Der Kuss war wild und leidenschaftlich, keine Raffinesse, nur Gefühl, und sein unterdrücktes Verlangen drängte wie eine Luftblase an die Oberfläche.

Stella stöhnte, als Fantasie und Realität in einem Rausch der Lust verschmolzen und jede Zelle ihres Körpers zu implodieren schien.

Heißes Verlangen durchströmte ihre Adern, und sie presste die Beine zusammen, als das lustvolle Prickeln schier unerträglich wurde.

War es möglich, nur durch einen Kuss zum Orgasmus zu kommen?

Sie hatte sich diesen Kuss oft genug ausgemalt, erst als Teenager, dann als Schriftstellerin beim Verfassen der sinnlichen, detaillierten Liebesszenen.

Mit dem Daumen streichelte er ihre Schläfen, und ihr wurde ganz schwindelig davon.
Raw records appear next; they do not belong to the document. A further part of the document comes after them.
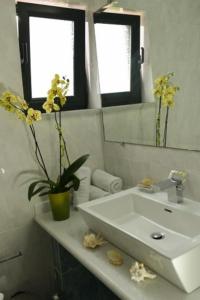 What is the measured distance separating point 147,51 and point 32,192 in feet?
3.26

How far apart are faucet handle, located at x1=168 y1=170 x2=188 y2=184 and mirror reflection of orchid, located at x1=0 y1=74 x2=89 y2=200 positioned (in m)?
0.51

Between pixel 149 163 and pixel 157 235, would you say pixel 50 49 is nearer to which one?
pixel 149 163

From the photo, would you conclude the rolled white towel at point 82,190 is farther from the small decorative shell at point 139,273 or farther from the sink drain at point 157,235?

Rastlos bewegte sich ihr Becken, dem Höhepunkt immer näher.

Rick hatte viel Zeit seines Lebens damit verbracht, sich nicht vorzustellen, wie es wäre, Stella zu küssen, und jetzt wollte er nie wieder damit aufhören.

Plötzlich ergab alles einen Sinn.

Der kleine wimmernde Laut, der sich ihrer Kehle entrang.

Und der süße Kokosduft.

Sie in seinen Arme zu halten, sie an sich zu pressen, sie in Fleisch und Blut zu spüren, die hungrige Leidenschaft in ihrem Kuss … Alles ergab einen Sinn.

Er wollte mehr. Er wollte alles. Er wollte Stella ganz.

Er fasste sie am Arm, um sie noch näher an sich zu ziehen, sie an sich zu pressen.